YOUR GOAL
Please restate the data that follows word for word, with the pictures left out.

SUPPLIED INFORMATION
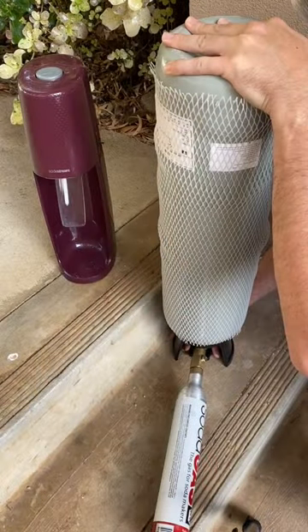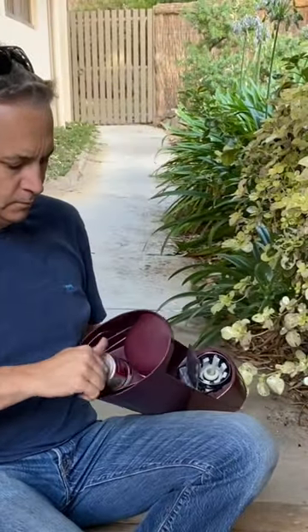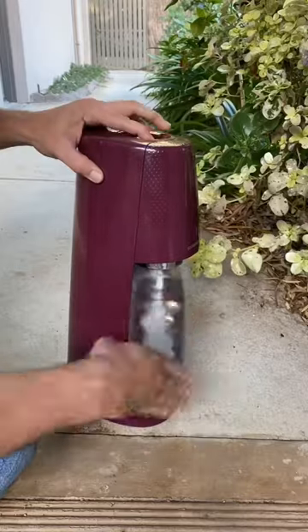Crack that valve and it's bang on full. Spin that canister back in the machine, bubble up some water, and yes — I love the sparkling water.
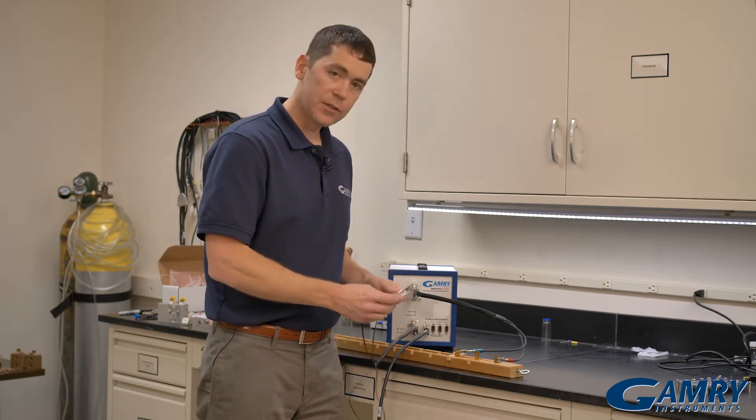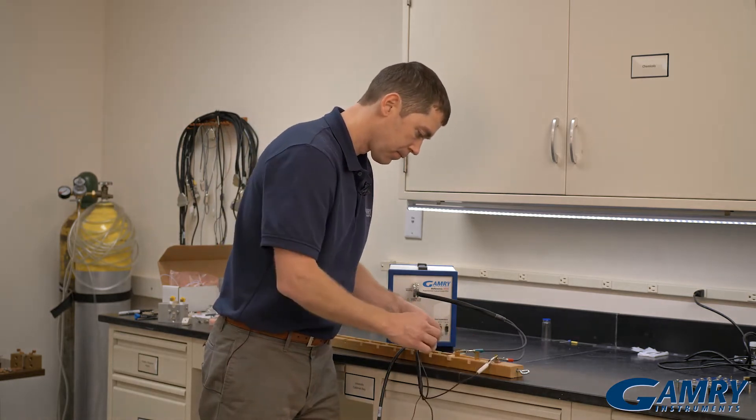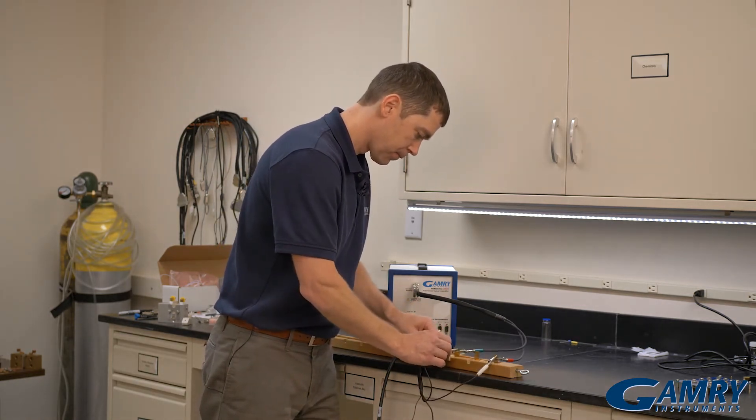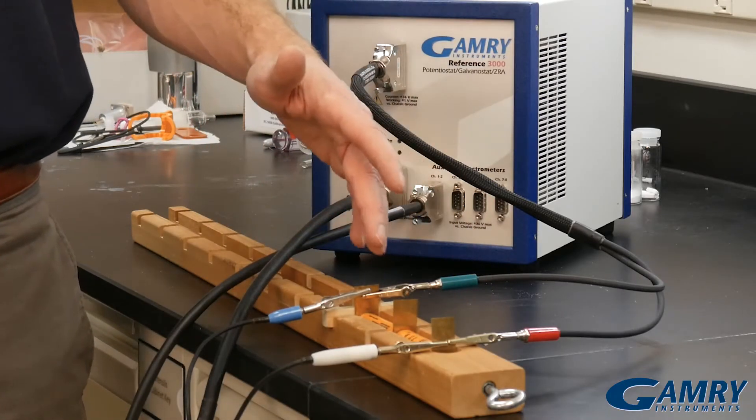Next I'm going to connect my sense leads. I'm going to connect my reference and my working sense to the ends of the stack as well. This allows us to connect to the whole stack.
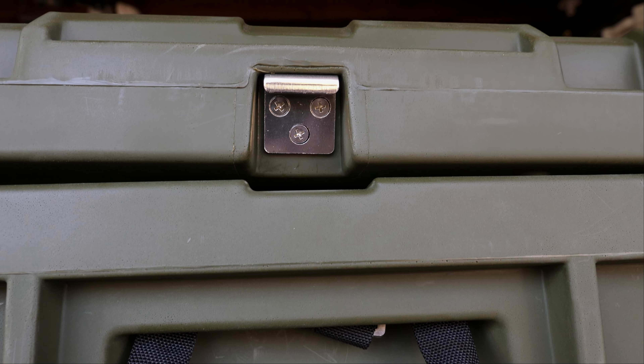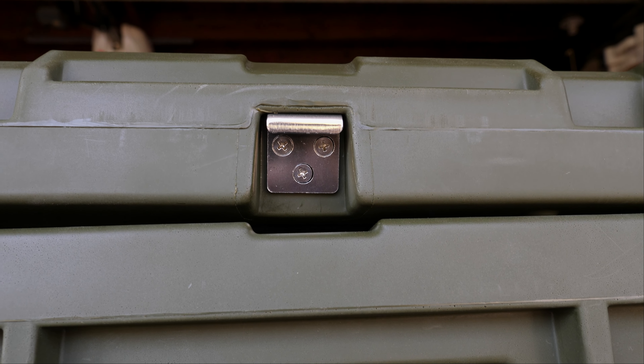For all you beer drinkers out there, there is a bottle opener on the right hand side of the box, which is super convenient at camp if you want to crack a beer — or a cream soda, as that's what I drink. It makes it super easy. It's a little bit overkill, but it's those little attentions to detail that make this box different from the rest.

TASK RESULT
Crack that valve and it's bang on full. Spin that canister back in the machine, bubble up some water, and yes — I love the sparkling water.
Next I'm going to connect my sense leads. I'm going to connect my reference and my working sense to the ends of the stack as well. This allows us to connect to the whole stack.
For all you beer drinkers out there, there is a bottle opener on the right hand side of the box, which is super convenient at camp if you want to crack a beer — or a cream soda, as that's what I drink. It makes it super easy. It's a little bit overkill, but it's those little attentions to detail that make this box different from the rest.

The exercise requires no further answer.